There is a difference between believing a thing is true and knowing it is true.  This is a constant problem with religious apologists because apparently, they are unaware of the difference.  In a recent poll, a theist wanted to know if atheists 100% knew that God doesn’t exist, but they also asked if theists knew 100% that God did exist.  A majority of theists said that they knew that God existed and unfortunately, a majority of atheists also said they knew that God didn’t exist, although most then clarified that most definitions of God were logically contradictory and thus, couldn’t possibly exist and I’m a little happier with that than the theists who simply declared they were right because they were right.

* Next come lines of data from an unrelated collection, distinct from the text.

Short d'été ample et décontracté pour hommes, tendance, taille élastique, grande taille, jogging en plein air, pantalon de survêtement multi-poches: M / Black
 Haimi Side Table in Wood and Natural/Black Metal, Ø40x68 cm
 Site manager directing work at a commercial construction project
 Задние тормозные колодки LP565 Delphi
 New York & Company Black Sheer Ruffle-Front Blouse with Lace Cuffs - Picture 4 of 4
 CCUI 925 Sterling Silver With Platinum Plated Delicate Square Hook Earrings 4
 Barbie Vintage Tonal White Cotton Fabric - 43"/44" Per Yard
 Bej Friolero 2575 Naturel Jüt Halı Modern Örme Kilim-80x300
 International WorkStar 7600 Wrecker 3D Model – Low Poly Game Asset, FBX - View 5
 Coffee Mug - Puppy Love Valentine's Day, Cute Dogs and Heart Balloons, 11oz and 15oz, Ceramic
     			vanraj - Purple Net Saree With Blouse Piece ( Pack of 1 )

So we launched into a big discussion about “knowledge” vs. “belief” and why they were different, but the original poster took the coward’s way out, saying “This is just a poll thread, nobody has to prove what they believe in, you just choose what you believe in and vote.”  Then he stopped responding, as has become standard for theists in such debates.  But let’s be honest, that’s really not a good way to do things if you care about worthwhile answers.  There’s a difference between saying “I believe I can fly” and saying “I know I can fly”.  One is R. Kelly, the other is a wet smear on the pavement.

So why aren’t theists able to make this very obvious distinction?  Why are they supremely convinced that everything they believe in, they can claim knowledge of?  Knowledge requires more than just simple faith.  Knowledge requires some objective and demonstrable basis in fact.  There is a difference between a child saying “I believe in Santa Claus” and one say “I know Santa Claus is real”.  One is a simple, albeit fallible belief based on circumstantial evidence, after all, they do get presents saying they’re from Santa after all, but the other has a much higher standard of proof.  It has to, otherwise we’re just talking about the same thing with two different names. These are two different concepts and need to be treated that way.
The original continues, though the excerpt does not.